▶ **Referring expression grounding data**
·····

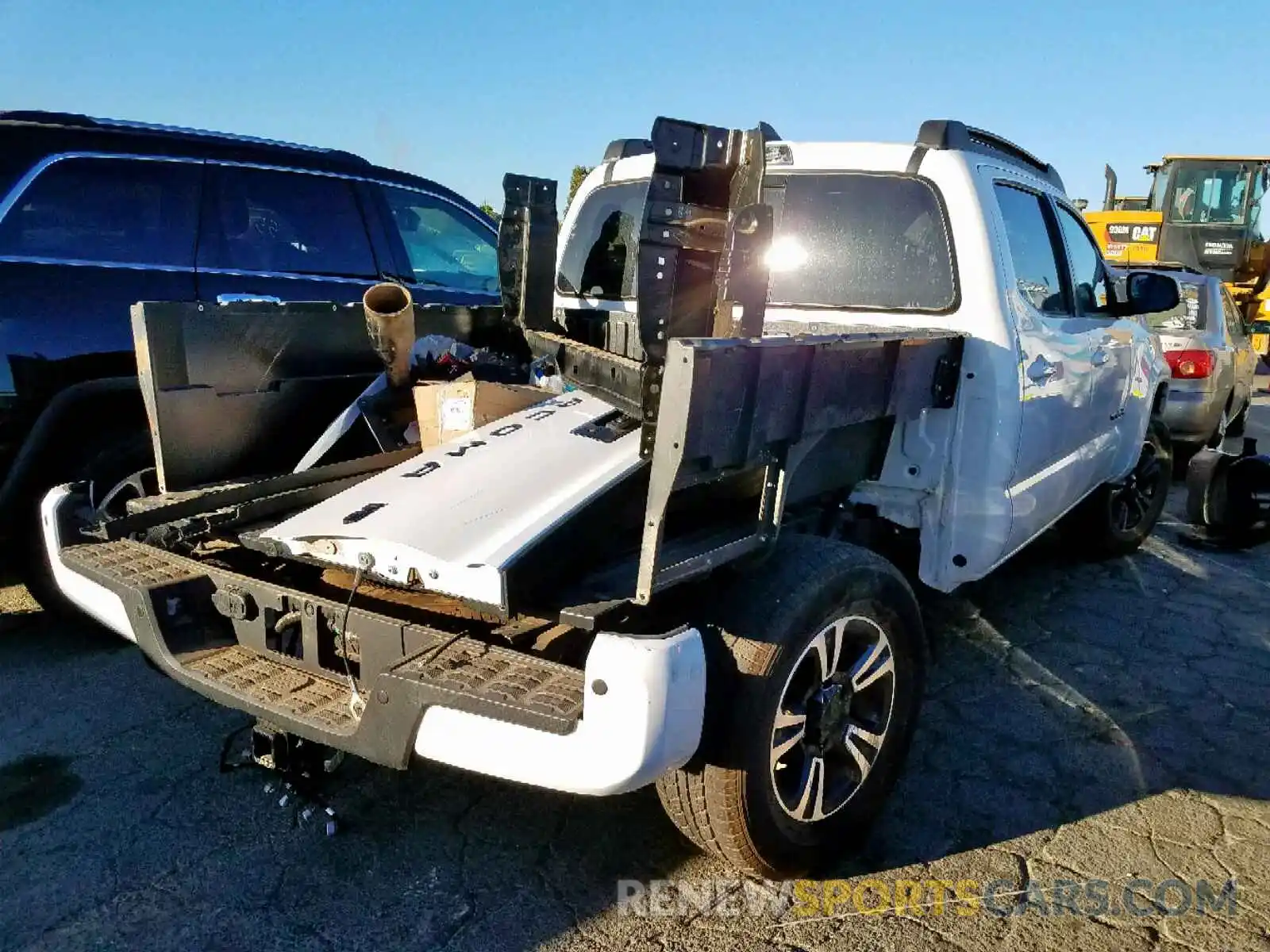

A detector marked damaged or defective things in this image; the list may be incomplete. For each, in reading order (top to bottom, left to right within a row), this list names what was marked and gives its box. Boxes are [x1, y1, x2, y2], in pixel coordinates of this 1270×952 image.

damaged white truck bed [40, 115, 1173, 878]
cracked asphalt [2, 388, 1270, 952]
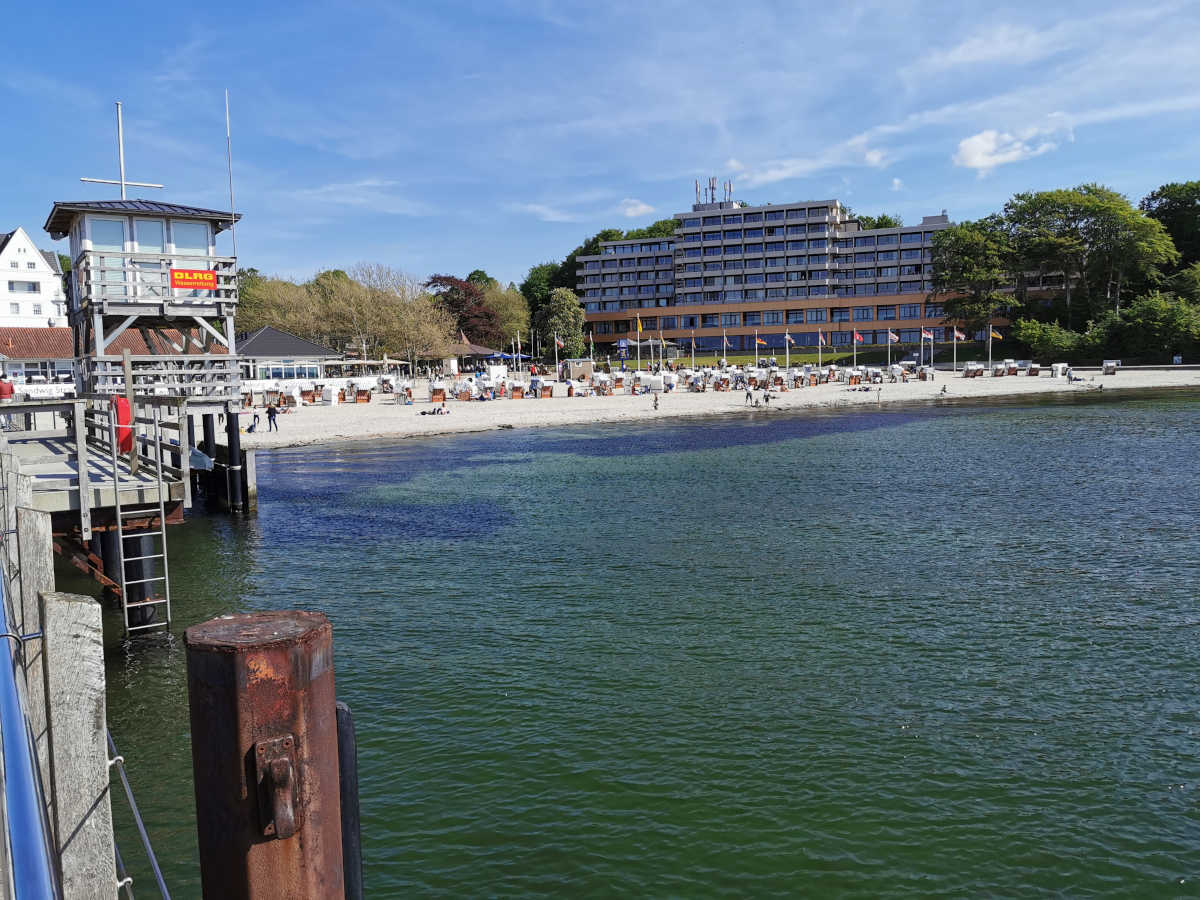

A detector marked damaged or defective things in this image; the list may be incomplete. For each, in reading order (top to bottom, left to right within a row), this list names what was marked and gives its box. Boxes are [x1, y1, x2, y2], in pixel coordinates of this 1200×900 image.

rusty mooring bollard [184, 612, 342, 900]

·····

▶ **TASK REQUIREMENTS**
Exactly reproduce the lines of the entries above, from the one containing "this 1200×900 image." to the very last, and no others.

▶ **WRITTEN REPLY**
A detector marked damaged or defective things in this image; the list may be incomplete. For each, in reading order (top to bottom, left to right within a row), this list names what was marked and gives its box. Boxes are [x1, y1, x2, y2], in pixel coordinates of this 1200×900 image.

rusty mooring bollard [184, 612, 342, 900]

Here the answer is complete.